WHAT YOU ARE ASKED TO DO → All lines from the one containing "Chopped bacon is" through the final line of the records below should be reproduced exactly, with the pictures left out.

MATERIAL PROVIDED →
++++++++

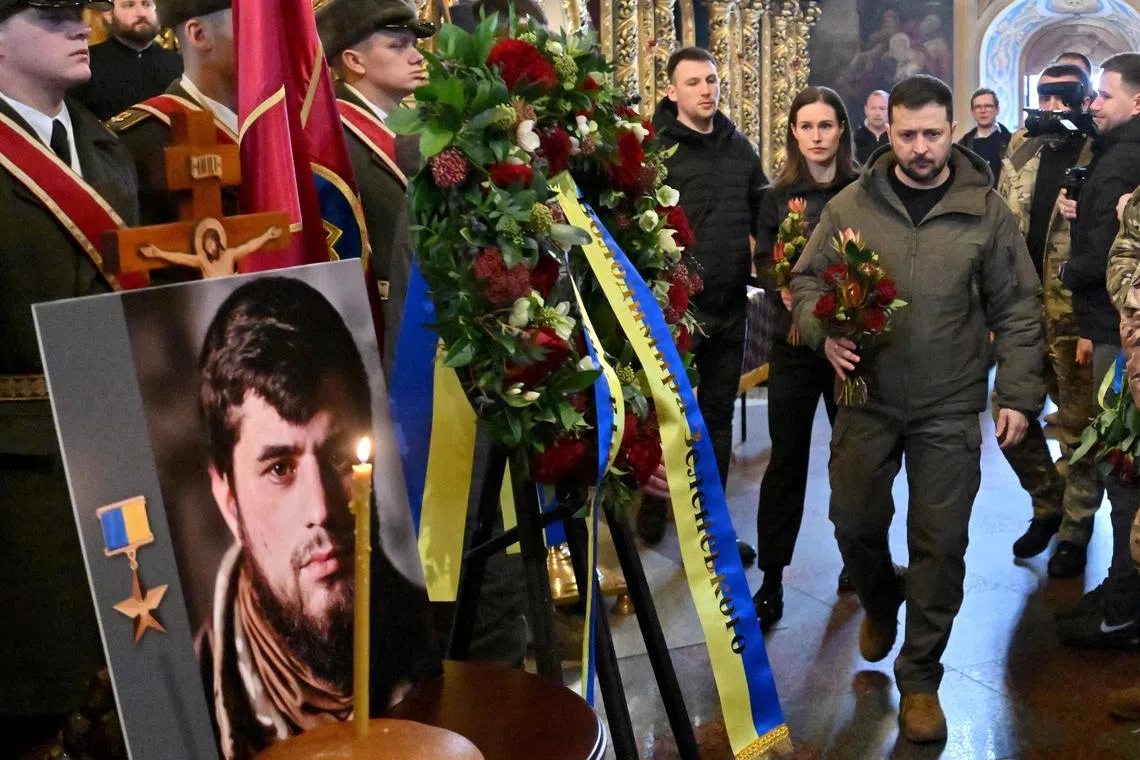 Finnish Prime Minister Sanna Marin (centre) and Ukrainian President Volodymyr Zelensky (centre right) attend the funeral in Kyiv of fallen Ukrainian military commander Dmytro Kotsiubaylo, also known as "Da Vinci".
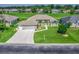Beautiful aerial view of a single-story home with a three car garage and lush landscaping at 2478 Nw 53Rd Avenue Rd, Ocala, FL 34482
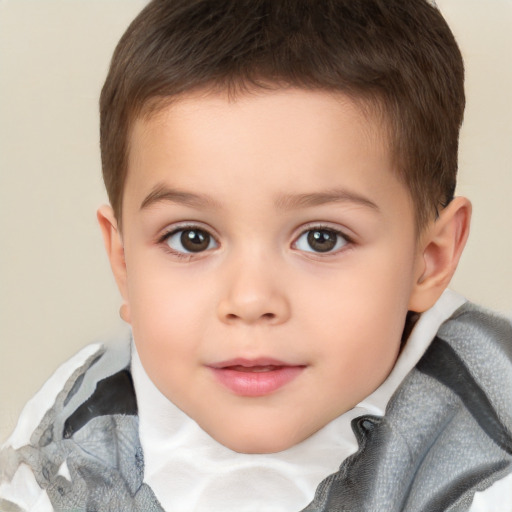 Joyful white child male with short  brown hair and brown eyes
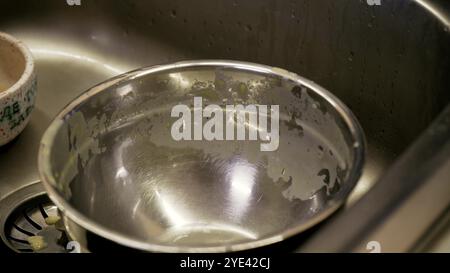 Gros plan des mains lavant un bol en acier inoxydable sous l'eau courante dans l'évier. L'accent est mis sur le processus de nettoyage et la cuisine quotidienne Banque D'Images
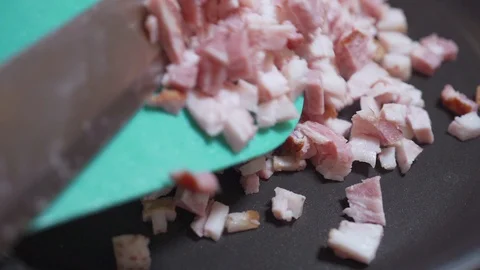 Chopped bacon is placed in a hot pan in slow motion Stockbeeldmateriaal 96420211
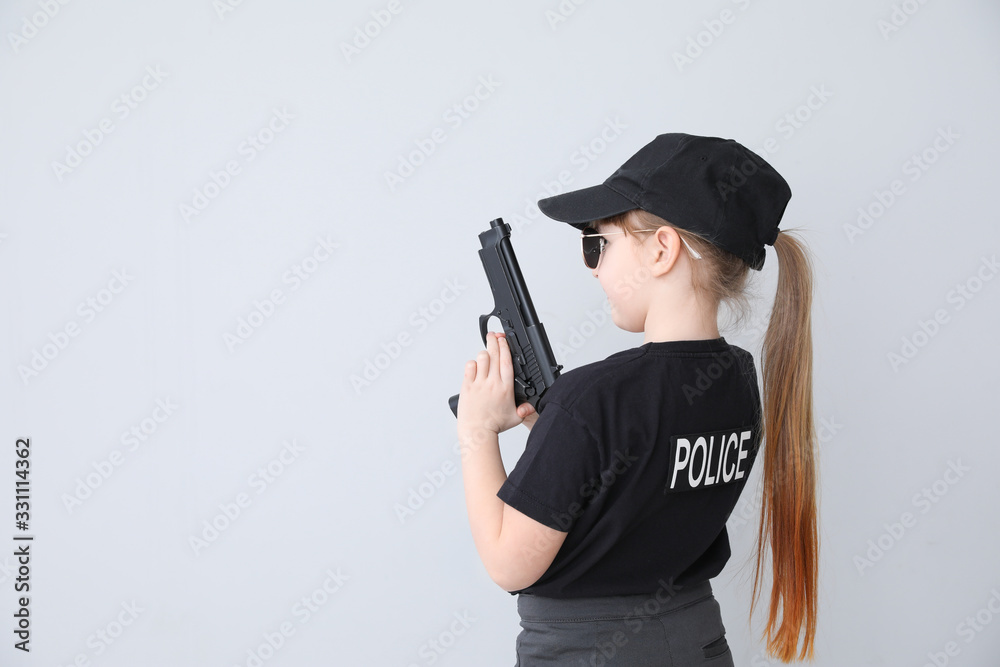 Cute little police officer on light background Cute little police officer on light background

++++++++

SOLUTION TO THE PROBLEM →
 Chopped bacon is placed in a hot pan in slow motion Stockbeeldmateriaal 96420211
 Cute little police officer on light background Cute little police officer on light background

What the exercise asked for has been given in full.